● **TASK**
After finding the line that contains "iArmor iPhone Leather" in the entries below, retype it and every following line precisely, the last included.

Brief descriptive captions
-------------------------

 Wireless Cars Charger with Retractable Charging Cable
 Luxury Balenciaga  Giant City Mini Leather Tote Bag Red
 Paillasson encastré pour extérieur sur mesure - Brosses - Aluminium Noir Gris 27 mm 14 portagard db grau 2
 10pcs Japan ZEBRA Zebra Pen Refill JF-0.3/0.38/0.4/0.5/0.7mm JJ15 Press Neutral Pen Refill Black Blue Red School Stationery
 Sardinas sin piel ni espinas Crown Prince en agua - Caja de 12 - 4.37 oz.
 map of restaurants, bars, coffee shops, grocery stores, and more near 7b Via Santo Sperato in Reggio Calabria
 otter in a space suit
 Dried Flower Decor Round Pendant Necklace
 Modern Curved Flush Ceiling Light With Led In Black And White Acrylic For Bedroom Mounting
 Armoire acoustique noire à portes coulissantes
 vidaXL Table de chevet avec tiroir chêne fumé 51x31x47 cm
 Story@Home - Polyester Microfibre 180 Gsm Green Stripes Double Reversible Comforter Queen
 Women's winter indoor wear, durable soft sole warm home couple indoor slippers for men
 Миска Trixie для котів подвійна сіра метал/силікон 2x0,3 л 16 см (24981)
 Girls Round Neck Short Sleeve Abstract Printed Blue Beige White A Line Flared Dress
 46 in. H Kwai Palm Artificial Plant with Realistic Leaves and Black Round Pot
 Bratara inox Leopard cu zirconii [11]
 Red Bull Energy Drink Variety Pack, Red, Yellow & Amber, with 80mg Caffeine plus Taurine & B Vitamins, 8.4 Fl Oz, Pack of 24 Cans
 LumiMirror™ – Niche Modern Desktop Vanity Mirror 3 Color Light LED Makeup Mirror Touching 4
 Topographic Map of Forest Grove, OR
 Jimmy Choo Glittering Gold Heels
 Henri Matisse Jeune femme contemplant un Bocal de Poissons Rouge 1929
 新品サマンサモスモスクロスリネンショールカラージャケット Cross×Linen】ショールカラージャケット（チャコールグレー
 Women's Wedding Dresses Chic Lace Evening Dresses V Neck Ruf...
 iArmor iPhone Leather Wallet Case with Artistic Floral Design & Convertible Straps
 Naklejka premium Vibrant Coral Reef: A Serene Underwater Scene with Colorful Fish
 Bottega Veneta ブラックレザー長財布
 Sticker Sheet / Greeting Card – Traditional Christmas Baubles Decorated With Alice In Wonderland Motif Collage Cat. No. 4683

-------------------------

● **SOLUTION TO THE PROBLEM**
 iArmor iPhone Leather Wallet Case with Artistic Floral Design & Convertible Straps
 Naklejka premium Vibrant Coral Reef: A Serene Underwater Scene with Colorful Fish
 Bottega Veneta ブラックレザー長財布
 Sticker Sheet / Greeting Card – Traditional Christmas Baubles Decorated With Alice In Wonderland Motif Collage Cat. No. 4683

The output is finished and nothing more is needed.